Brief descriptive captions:
------------------------------------

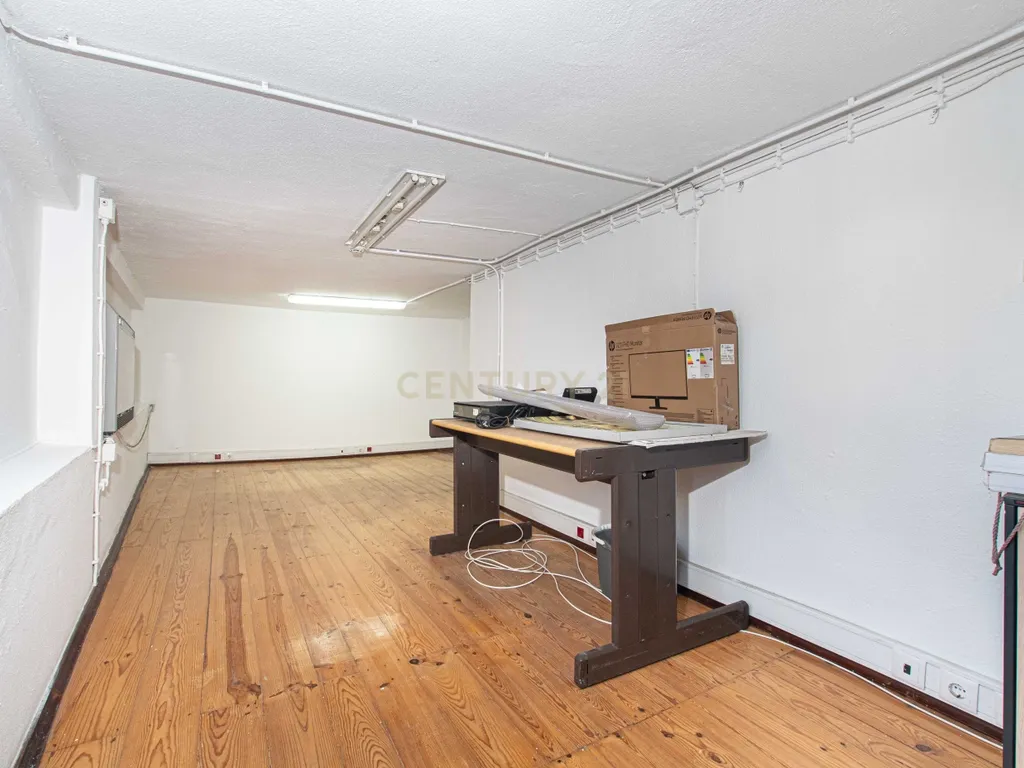 Loja em Campolide, Lisboa - 160m² - Image 20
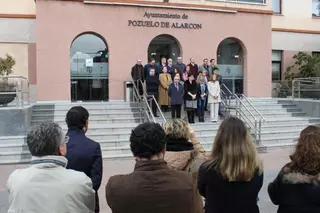 Pozuelo de Alarcón guarda un minuto de silencio por la última víctima de violencia de género
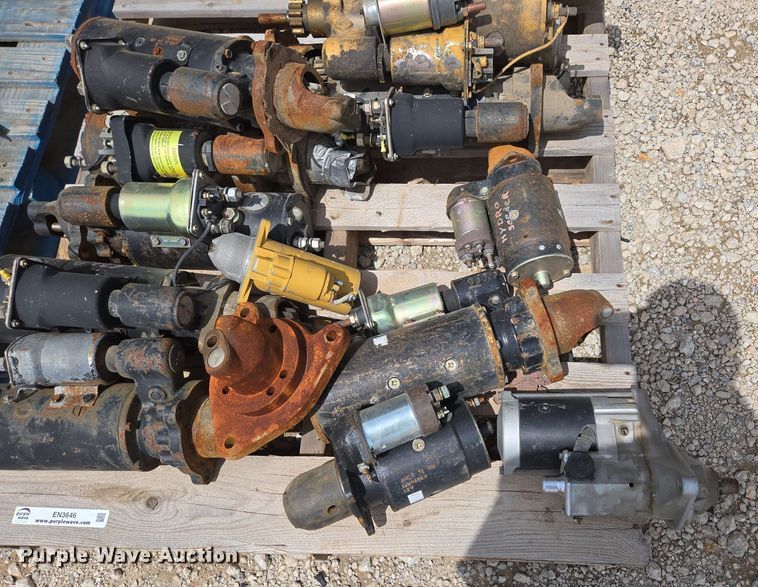 image for item EN3646 Heavy equipment parts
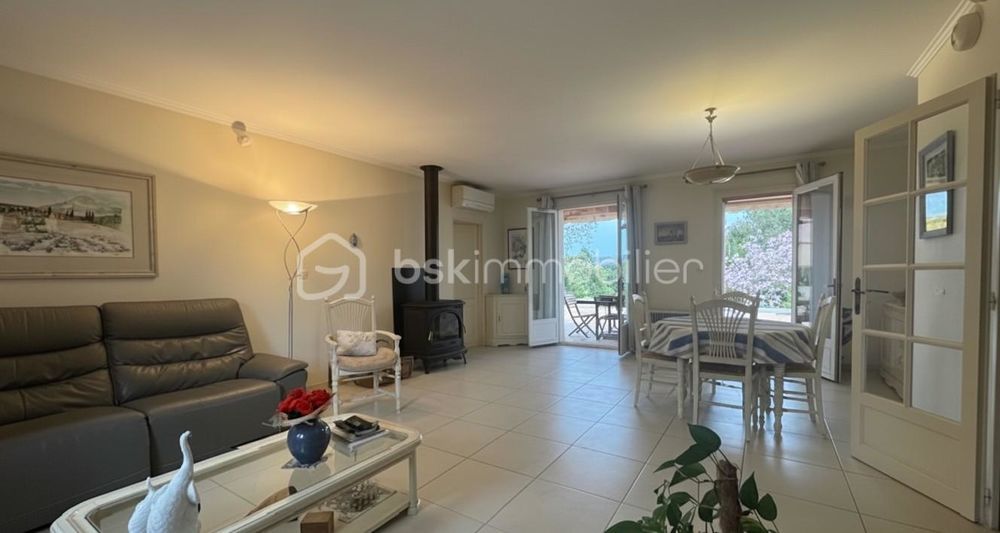 � vendre  Maison Tourrettes (83440)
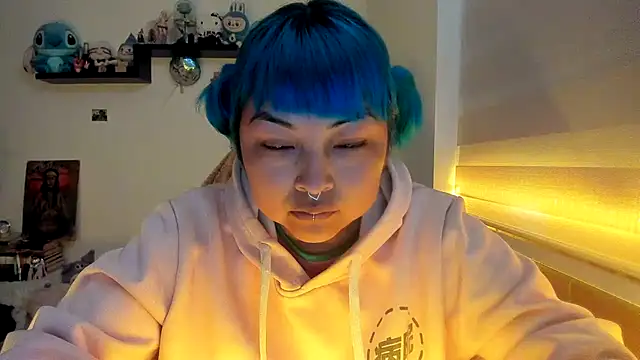 Shaddycute  online show from 01/11/26, 01:29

------------------------------------

WORK INSTRUCTIONS:
Once the line containing "Pozuelo de Alarcón" is found in the records above, it and every line after it up to the last must be repeated exactly, without pictures.

OUTPUT:
 Pozuelo de Alarcón guarda un minuto de silencio por la última víctima de violencia de género
 image for item EN3646 Heavy equipment parts
 � vendre  Maison Tourrettes (83440)
 Shaddycute  online show from 01/11/26, 01:29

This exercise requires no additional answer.